The two-year Judgmental Combination of Forecasts project I've been working on with Nigel Harvey is coming to an end. We are about to start a new project looking at people's assessments of risk and, separately, how people take into account factors such as promotional effects when forecasting time series. The forecasting project has involved a large number of experiments and has allowed us to explore the relationship between the multidimensional MCPL research paradigm and the unidimensional Advice Taking paradigm, both of which are naturally involved in real life forecasting situations. In all of our studies, we have used lens model analysis: looking at each individual's use of different forecasts in relation to how useful they might be, given the local environment. The experiments we have carried out have finally fallen into papers on the relationship between advice assessment and advice taking, on anchoring and adjustment and conservatism, and on the effects of factors such as extremism and redundancy in advice taking. In addition, we have tentatively explored the relationship between explicit and implicit understanding of the task and of behavior in relation to the differing complexities in uni- and multidimensional tasks.

Modeling Decision Making

This year, despite a physical distance of about 1,000 miles, Mandeep K. Dhami and I have continued to collaborate on our examination of the pros and cons of different techniques for modeling human judgment. We have concentrated on raising this issue among a number of different intellectual groups. We were able to compare our work to that of the machine learning (AI) researchers at a joint meeting of Artificial Intelligence in Medicine (Europe) and the European Society for Medical Decision Making. We also organized a symposium at SPUDM (the biennial meeting of the European Association for Decision Making) at which papers were presented on structural equations modeling, process tracing, dynamic systems modeling, regression modeling, and fast and frugal modeling. The symposium is being prepared for a special issue of Thinking and Reasoning.

Occupational Therapy (OT)

Last year Cilla Harries (Lecturer in Occupational Therapy at Brunel University, U.K.) and I started to collaborate on an examination of what could be gained from analysis of OT judgment and decision making comparing both qualitative and quantitative techniques. Post-partum interruptions aside, we are currently using a judgment analysis paradigm to look at how Occupational Therapists prioritize referrals in a community mental health team. Qualitative data on this subject had already been collected during Cilla's MSc, using information processing techniques.
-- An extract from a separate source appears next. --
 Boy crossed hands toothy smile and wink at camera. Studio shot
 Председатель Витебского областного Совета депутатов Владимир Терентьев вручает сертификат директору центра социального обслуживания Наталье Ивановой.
The possibilities for this research are endless. Different professionals work within the community health team, and judgment analysis could be used to tease out the differences in how they perceive their own and others' roles in the team. However, the research is heading in an educational direction at the moment. OT is taught in some universities in England using a hybrid of problem-based learning (PBL) techniques. Throughout the undergraduate studies, OT students organize their learning around actual referral data. Lectures and clinical placements enhance learning through the exposure to real case descriptions and scenarios. Drawing both on the JA literature on feedback and on Robert Hamm's work with surgical scripts, Cilla intends to develop our initial descriptive work into a larger project comparing the current PBL with problem-based learning enhanced by scripts and by cognitive feedback.

Ageism and Medical Decision Making

There is an ongoing debate on rationing in the British National Health Service (NHS). Nigel Harvey, Anne Bowling (an expert in Ageism), and I in London have just received three years of funding to use judgment analysis to look at General Practitioner and consultant decision making and the role this plays in age-related inequalities in the NHS. Damien Forrest is the full-time researcher on the project. More on this next year.